## [Exercise]
Look for the line with "lucianapalumbo_2015-10-28_11-27-17"; please transcribe it and every later line in the entries exactly, up to the end, leaving pictures out.

-------

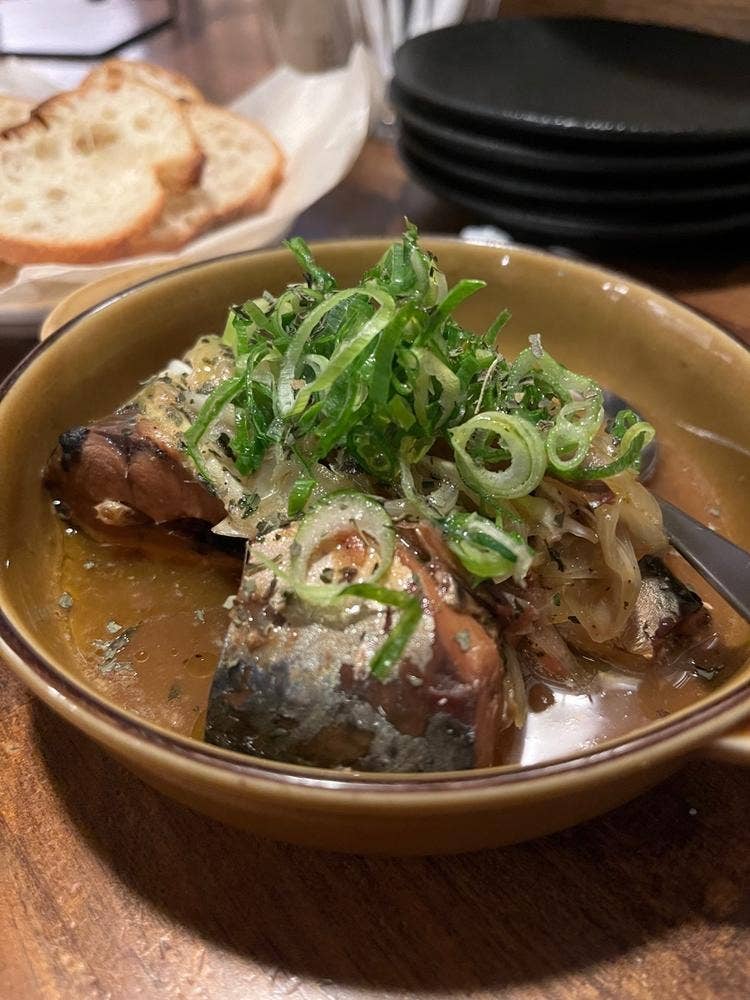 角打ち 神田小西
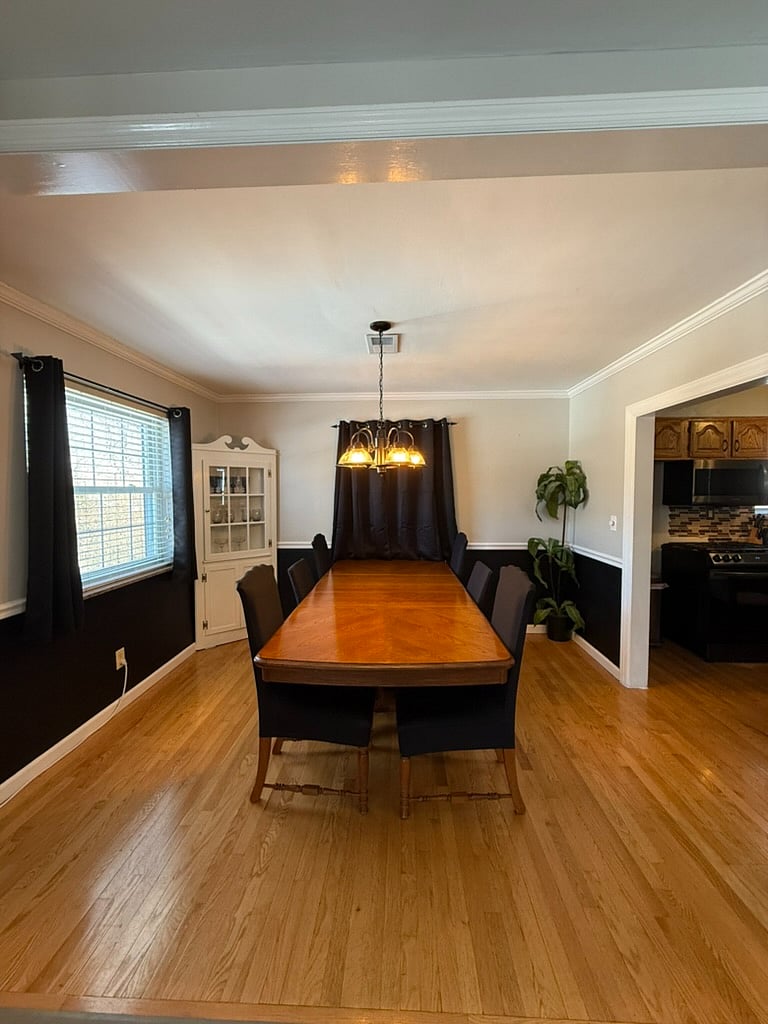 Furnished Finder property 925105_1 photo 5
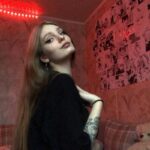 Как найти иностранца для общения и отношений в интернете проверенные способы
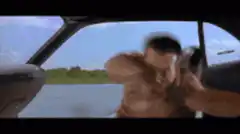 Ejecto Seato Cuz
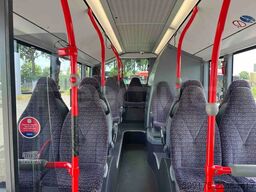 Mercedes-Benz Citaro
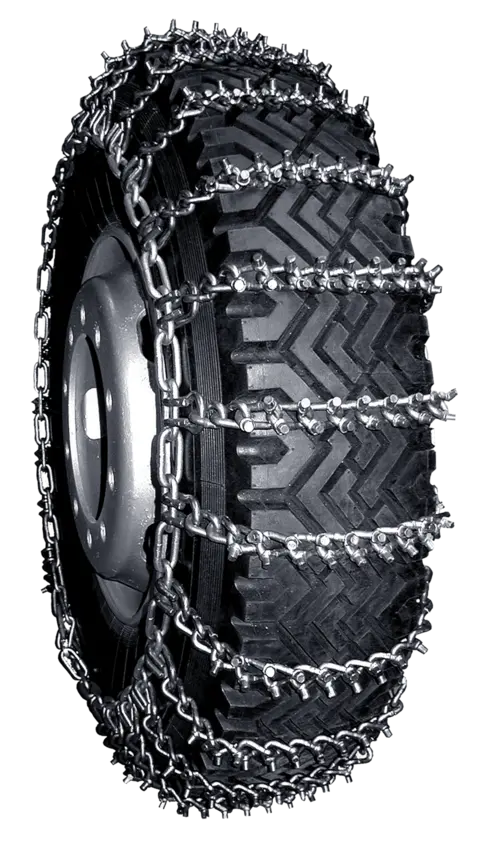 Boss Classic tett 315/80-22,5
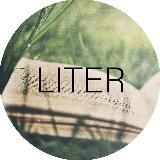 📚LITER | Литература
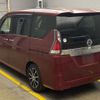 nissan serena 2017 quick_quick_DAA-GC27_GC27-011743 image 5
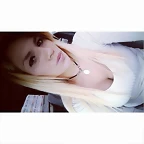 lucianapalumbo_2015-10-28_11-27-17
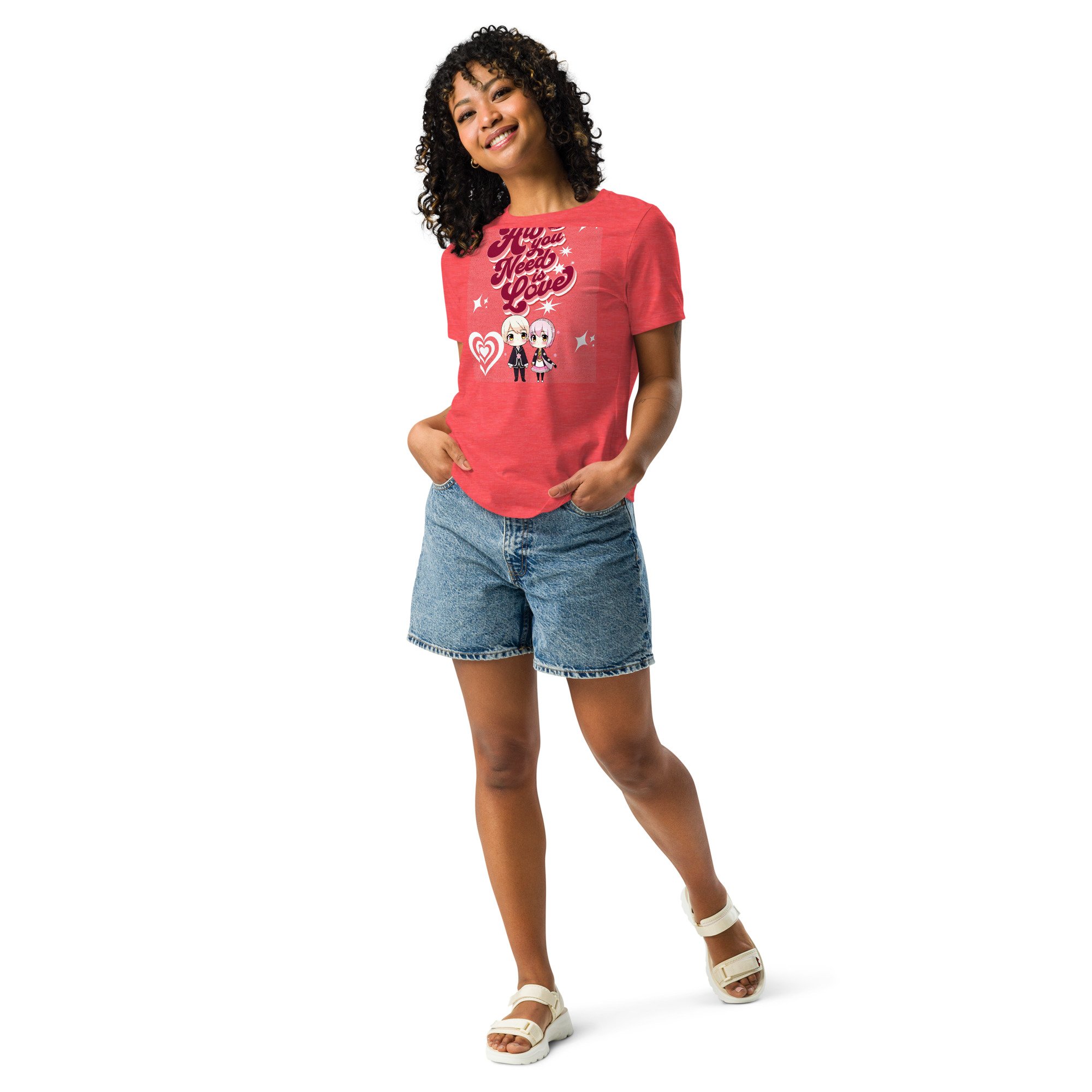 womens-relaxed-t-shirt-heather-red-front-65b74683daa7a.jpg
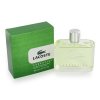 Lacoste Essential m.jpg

-------

## [Result of this exercise]
 lucianapalumbo_2015-10-28_11-27-17
 womens-relaxed-t-shirt-heather-red-front-65b74683daa7a.jpg
 Lacoste Essential m.jpg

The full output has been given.